Guys, Andrew from Underlying Value Investor blog put up a quick post regarding his BNCC buy-in. Always beneficial to see the views of others outside the message board:
http://underlyingvalueinvestor.com/2013/02/27/bnccorp-bncc-11-00-buy-2262013/
Thanks for the quick DD, interesting response. Probably will still keep an eye on it.
SPPRP has monthly dividends to boot, not a bad place to store spare cash if you can't find other immediate investable opportunities right? Not that I have that problem these days yet haha.
It is a head scratcher the more I think about it definitely. At first glance, one might think their goal was add some liquidity to the stock, but of course we know that's dumb. They themselves said about the buyback anyway:
Charles O. Hall, President and Chief Executive Officer, commented, “The primary role of the repurchase program is to provide a tool to assist with the management of the Company's capital position, while also providing liquidity for shareholders.” Continuing, Mr. Hall stated, “This announcement also demonstrates the Board's confidence in the Company's strategy, growth opportunities and financial strength.”
All valid points.
I guess the traditional appeal of a stock dividend as I've been taught is choice. Ex-dividend the stock will trade lower be it stock or cash, but in this case the investor isn't simply receiving cash but has the option of selling their additional shares at a future time when enterprise value may be higher.

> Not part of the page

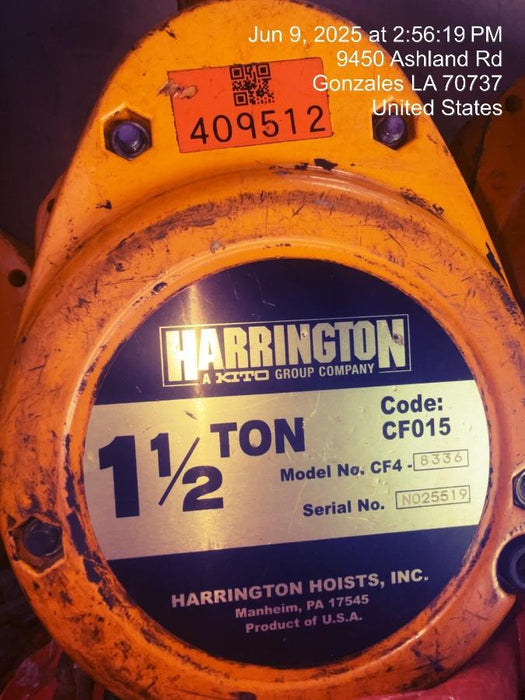 2024 HARRINGTON CF015-20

Otherwise the investor needs to buy additional shares with their cash dividend and a DRIP program locks you into those at set prices.
Now you got me hungry EI, time to order a large supreme haha.
Since that merger was a stock-for-stock transaction I didn't know if that was taken into consideration at all or the timing of that S/O number I saw.
Haven't dug, but Bloomberg has the S/O as 3.34 MM, is that right?
If so then at $6.60 a share we have a market cap of $22 MM vs. shareholder's equity of $47.8 MM or 46%.
Enough on the surface to interest me w/ that stock dividend to boot.
Been too quiet in here, but I can tell you that for better or worse 1% of these are going nowhere as it stands right now.
"Sometimes you eat the bear, and sometimes the bear eats you"
-V
Geez Chevy, here I am trying to quietly accumulate in the low $.20's ninja-style before the next earnings announcement and you have to go blabbing. ;)
Anxious to see the haircut non-banking operations does to that FY net income. If it is about 50%, then we have a bank with net income for the year of $1.25MM against a market cap of about $4.5MM.
The question then becomes, what will normalized earnings be given the improvement in credit quality and capital ratios?
I hold shares and can't wait to find out.